## WHAT IS NEEDED
Beneath this instruction is a listing. Transcribe from it only the stretch from the line with "Piment vert sec" through the line with "Brasil impulsa una", both end lines included, exactly as written.

## TASK INPUT

○ ○ ○ ○ ○

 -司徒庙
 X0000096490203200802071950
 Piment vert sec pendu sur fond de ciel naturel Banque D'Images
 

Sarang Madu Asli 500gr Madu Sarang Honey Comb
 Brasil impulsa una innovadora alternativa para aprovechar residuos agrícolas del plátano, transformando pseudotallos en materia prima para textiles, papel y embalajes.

○ ○ ○ ○ ○

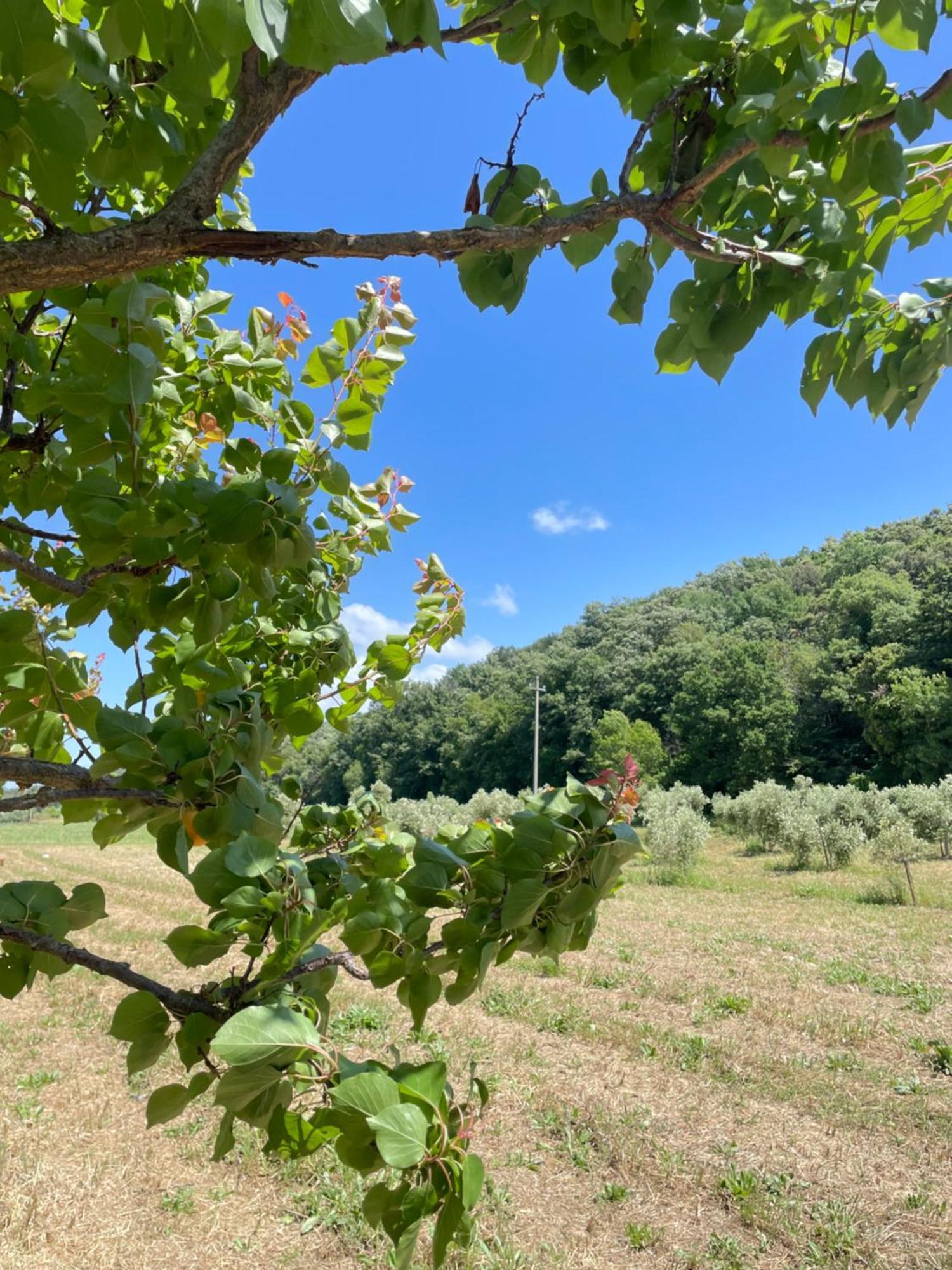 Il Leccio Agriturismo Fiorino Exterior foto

○ ○ ○ ○ ○

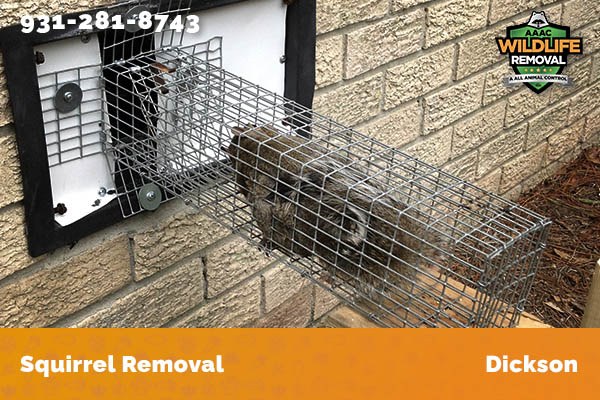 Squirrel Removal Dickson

○ ○ ○ ○ ○

## THE ANSWER
 Piment vert sec pendu sur fond de ciel naturel Banque D'Images
 

Sarang Madu Asli 500gr Madu Sarang Honey Comb
 Brasil impulsa una innovadora alternativa para aprovechar residuos agrícolas del plátano, transformando pseudotallos en materia prima para textiles, papel y embalajes.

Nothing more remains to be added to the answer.